_WHAT THE TASK ASKS_
Return the lines that run from the line containing "Archbishop Gabriele Caccia" through the end of the entries, both ends included. Leave out all pictures.

EXCERPTED RECORDS START

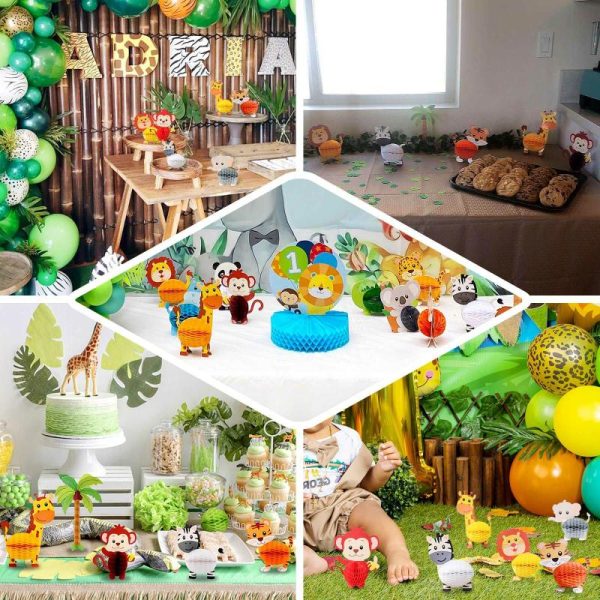 Decoration Kit |   3D Jungle Safari Animal Tissue Honeycomb Table Scatters Decorations Set Decoration Kit Decoration Kit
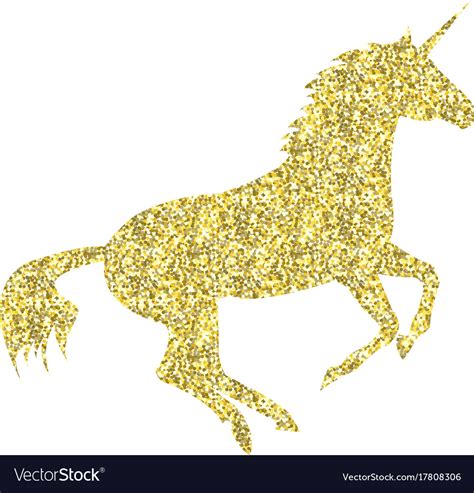Gold Unicorn Mythical Horse Royalty Free Vector Image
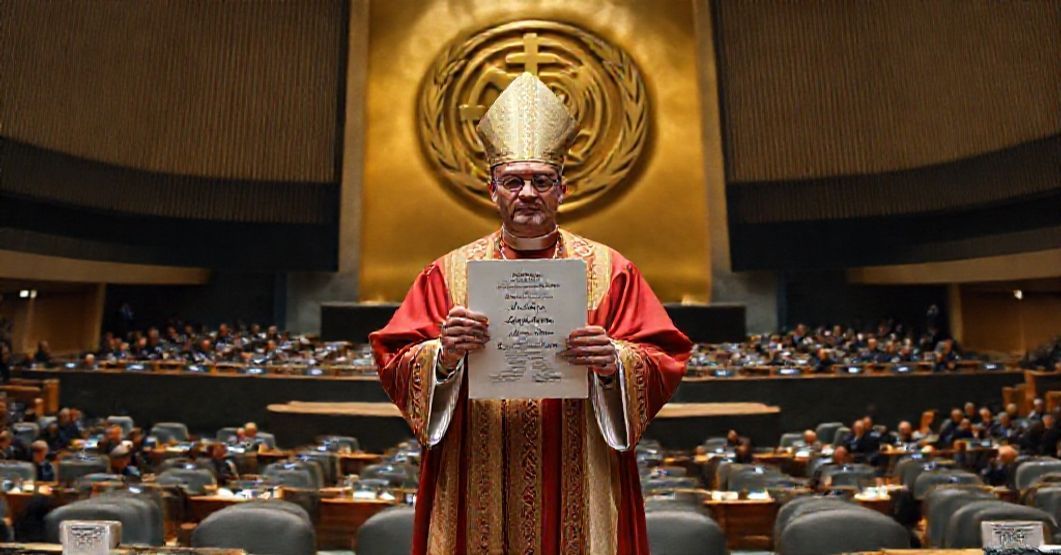 Archbishop Gabriele Caccia at the UN Assembly promoting a two-state solution, juxtaposed with the shadow of Christ the King, symbolizing secular compromise.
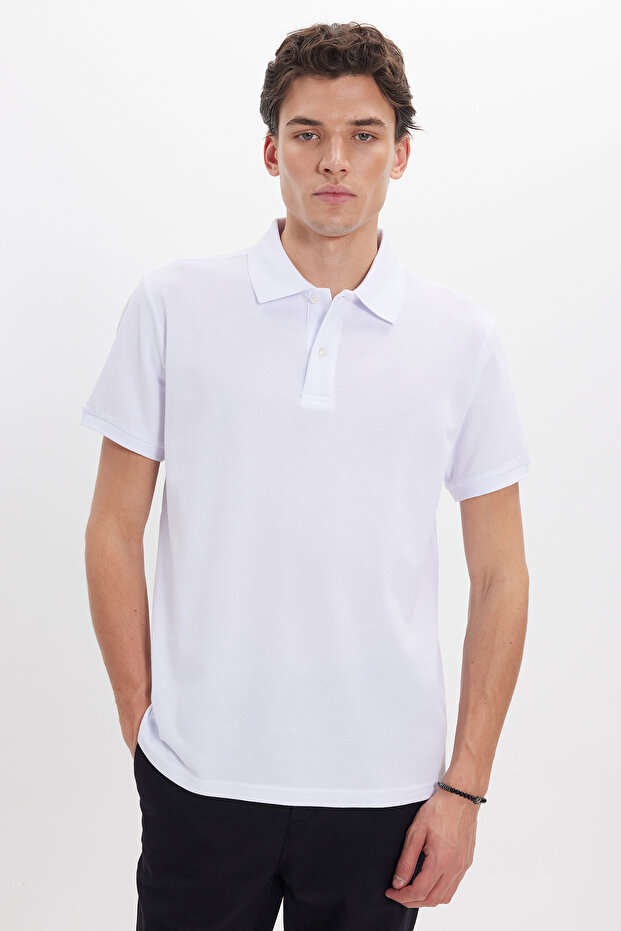 Men's Regular Fit Comfortable Cut 100% Cotton Plain Pique White Polo Neck T-Shirt
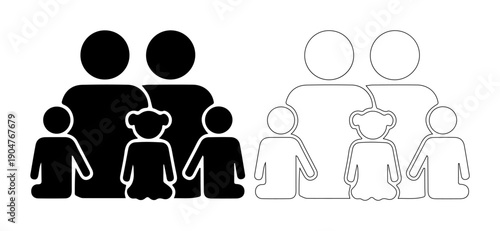 Simple silhouette of a family with two children and two parents, representing togetherness and unity.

EXCERPTED RECORDS END

_PROBLEM SOLUTION_
 Archbishop Gabriele Caccia at the UN Assembly promoting a two-state solution, juxtaposed with the shadow of Christ the King, symbolizing secular compromise.
 Men's Regular Fit Comfortable Cut 100% Cotton Plain Pique White Polo Neck T-Shirt
 Simple silhouette of a family with two children and two parents, representing togetherness and unity.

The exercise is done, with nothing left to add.